A friend of mine, from California, was in New York City. It was a quick trip to visit his dad and have a business meeting. I said I’d see him after dinner.
I left Connecticut around 8:30 and headed toward the Turnpike. Though it had been raining earlier, skies had become partly cloudy. The 100 mile trip to the city was a breeze.
I drove down the FDR Drive with the East River and Roosevelt Island on my left. The buildings of Manhattan were blocked on my right, but it didn’t matter – it’s a beautiful ride on an awful road.
I called my mom on the cellphone. More than anyone, I share my love of Manhattan with her. Given her druthers, that’s where she’d be living. Me too.
My friend’s dad’s apartment is right off the FDR. I got off the exit and turned down into the basement garage, less than 100 feet away.
This is a very expensive building on one of New York’s best known streets. In fact, this neighborhood is best known by the street’s name.
As I waited, the parking attendant pulled a huge Bentley from its space. A diminutive woman and her equally small husband walked toward the car. She looked familiar.
I stared at her and she looked back. Then it hit me – Judge Judy.
I don’t have something pithy to say to everyone I meet, but this was Judge Judy. I told her I followed her on-the-air every day and then explained how I was on the news in Connecticut.
My camera was hanging on my neck, so I asked for a photo. She was very gracious. I suppose she isn’t often asked for a photo in the garage of her apartment building!
I walked out of the garage and around the block to the building’s main entrance. Residents have a key card. I was just visiting.
A doorman stood guard in front of a bank of security monitors. After a quick call to clear me, I was in.
Years ago this was a ‘full service’ building. It is probably the last place I rode an elevator that had an elevator operator (even though it was a self service elevator). Those days are gone. Even the well to do have to cut back a little.
My friend and I decided to go for coffee. That’s one of the nice things about Manhattan. You want coffee – it’s a short walk away.

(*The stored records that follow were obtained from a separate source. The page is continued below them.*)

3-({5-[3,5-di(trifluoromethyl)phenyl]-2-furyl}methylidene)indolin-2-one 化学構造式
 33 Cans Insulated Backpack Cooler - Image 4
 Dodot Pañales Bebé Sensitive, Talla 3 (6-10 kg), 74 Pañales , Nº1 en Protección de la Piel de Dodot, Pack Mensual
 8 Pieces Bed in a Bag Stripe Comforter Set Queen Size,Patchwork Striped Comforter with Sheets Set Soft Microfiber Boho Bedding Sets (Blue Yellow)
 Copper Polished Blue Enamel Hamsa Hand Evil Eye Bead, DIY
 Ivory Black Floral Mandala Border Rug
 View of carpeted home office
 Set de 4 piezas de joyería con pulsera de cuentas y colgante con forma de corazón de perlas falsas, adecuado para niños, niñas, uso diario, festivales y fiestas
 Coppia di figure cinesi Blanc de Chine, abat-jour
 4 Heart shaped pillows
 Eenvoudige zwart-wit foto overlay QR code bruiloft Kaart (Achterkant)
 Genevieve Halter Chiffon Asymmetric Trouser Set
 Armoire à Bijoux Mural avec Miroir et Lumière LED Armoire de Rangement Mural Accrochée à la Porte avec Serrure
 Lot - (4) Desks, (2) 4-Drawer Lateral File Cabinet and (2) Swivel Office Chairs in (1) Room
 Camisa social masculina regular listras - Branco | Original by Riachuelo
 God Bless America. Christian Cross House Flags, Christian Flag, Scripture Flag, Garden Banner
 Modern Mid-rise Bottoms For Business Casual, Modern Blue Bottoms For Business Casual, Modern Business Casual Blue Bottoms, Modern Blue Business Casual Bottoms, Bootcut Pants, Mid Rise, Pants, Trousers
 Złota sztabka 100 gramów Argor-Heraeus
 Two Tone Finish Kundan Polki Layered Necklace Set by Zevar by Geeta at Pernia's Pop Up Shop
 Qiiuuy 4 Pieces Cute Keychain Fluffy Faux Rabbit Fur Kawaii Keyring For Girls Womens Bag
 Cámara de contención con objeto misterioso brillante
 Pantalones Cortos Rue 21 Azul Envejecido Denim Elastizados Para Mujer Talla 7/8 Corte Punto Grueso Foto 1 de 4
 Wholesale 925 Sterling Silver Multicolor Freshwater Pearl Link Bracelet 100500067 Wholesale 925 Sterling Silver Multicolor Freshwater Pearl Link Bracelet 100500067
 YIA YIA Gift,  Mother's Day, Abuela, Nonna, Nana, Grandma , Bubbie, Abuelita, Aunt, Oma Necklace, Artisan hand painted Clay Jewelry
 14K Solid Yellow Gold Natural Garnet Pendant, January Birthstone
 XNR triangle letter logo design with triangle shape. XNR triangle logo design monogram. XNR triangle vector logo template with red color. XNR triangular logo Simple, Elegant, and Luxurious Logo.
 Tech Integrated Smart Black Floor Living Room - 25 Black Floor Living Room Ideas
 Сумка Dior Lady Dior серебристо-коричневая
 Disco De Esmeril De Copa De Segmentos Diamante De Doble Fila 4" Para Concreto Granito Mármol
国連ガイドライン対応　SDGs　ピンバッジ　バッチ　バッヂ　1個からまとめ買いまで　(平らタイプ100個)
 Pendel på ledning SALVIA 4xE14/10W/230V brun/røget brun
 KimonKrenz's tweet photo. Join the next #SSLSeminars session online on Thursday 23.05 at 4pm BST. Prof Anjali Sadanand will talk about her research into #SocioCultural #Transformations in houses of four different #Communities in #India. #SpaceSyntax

In fact everything in Manhattan is close by and it’s very walkable. I’ve joked in the past, New York is the only city in America with 24 hour room service.
It’s true! You can easily get Chinese food delivered at 3:00 AM.
The coffee, in a small Italian place under the shadow of the 59th Street Bridge, was fine. The company was better.
Since I’m talking about the building, I’ll leave his name out to preserve a little privacy. This is someone I’ve known for nearly 40 years. We have been through good and bad times together.
We’re both happy with life right now – in a good place. Professionally, he’s doing very well, and I couldn’t be more pleased.
We walked back up First Avenue, past a construction site with New York City steam blasting from a subturranean vent. Though already midnight, the city was teaming with activity.
My assessment of New York is probably overly romanticized. My friend, staying in a Manhattan apartment, said he hated it – would be glad to never leave his California home. I shrugged.
I got back to Connecticut a few minutes before 2:00 AM. I suppose that’s a lot of trip to pack into one short evening. I’m glad I did.
2 thoughts on “Into New York For Friday Night”
Funny, I was in Manhattan on Friday night too! The record company I work for is based in NYC and so I spent the day in the office there, then went to a concert at Joe’s Pub in the Public Theater that night. We probably passed each other on 95, since I too got home just before 2:00am. My NYC friends don’t live in such swank buildings, though… 🙂
You remind me of my father and his best friend. They grew up in Jackson Heights, attended Stuyvesant High School, and then moved to the “country”: My dad to Norwalk, and his friend to Ardsley, NY. Throughout their life (they have both passed away), they would occasionally go into the city to wander Manhattan and reminisce about their schooldays.